Con il termine non luogo, inventato dall’antropologo francese Marc Augé, si fa riferimento a tutti quegli spazi che hanno la prerogativa di non essere identitari, relazionali e storici. Fra questi immancabilmente si trovano gli outlet ed i grandi centri commerciali, dove milioni d’individui s’incontrano ma non entrano tra loro in relazione, poiché, spinti dalla frenesia del comprare e del consumare, attraversano questi spazi in autonomia e in rapidità, per lo più incuranti del contesto.
Tuttavia a Gwanggyo in Korea, Rem Koolhaas sembrerebbe aver rivoluzionato il concetto di shopping mall, attraverso Galleria, il grande magazzino che rivendica una nuova identità. Progettato dallo studio OMA, si configura come un cubo lapideo, un grande monolite le cui facciate sono rivestite da un mosaico formato da oltre 125.000 tessere di granito. Questo volume massiccio ed introverso viene imprevedibilmente rotto da un nastro in vetro dalla geometria sfaccettata che circonda e si snoda attraverso i dieci piani dell’edificio. All’interno di questa spirale trasparente si materializza un percorso pubblico, che connette la Galleria alla città attraverso un’esperienza fisica e visiva. La presenza di questo camminamento rivoluziona l’essenza stessa dei centri commerciali, sia dal punto di vista tipologico che formale.

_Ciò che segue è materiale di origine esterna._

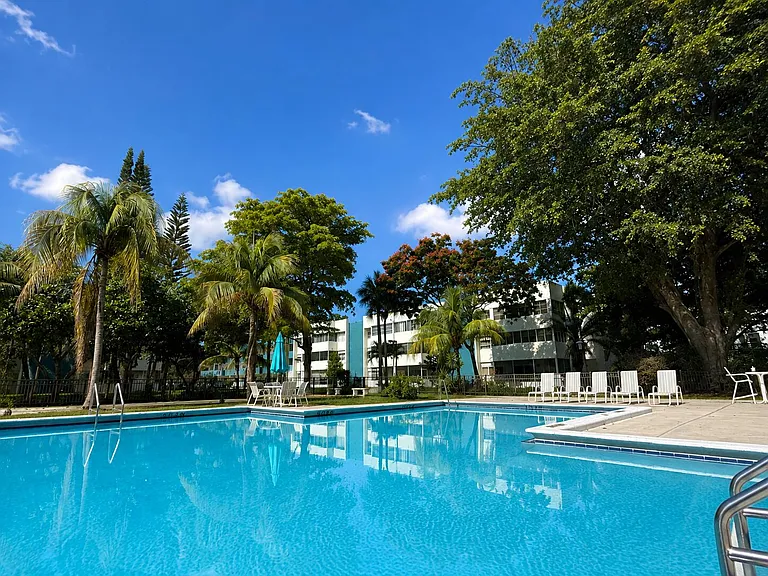 5155 E Sabal Palm Blvd #209 — Photo 37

I grandi magazzini difatti solitamente sono sprovvisti di superfici vetrate per evitare distrazioni dalle attività d’acquisto, mentre questo percorso, arricchito da molteplici attività culturali, offre alla comunità l’accesso alla piazza pubblica nel rooftop e permette viste inedite sul panorama urbano e sul vicino lago Suwon.
Può esistere dunque un’architettura sociale, seppur commerciale e privata?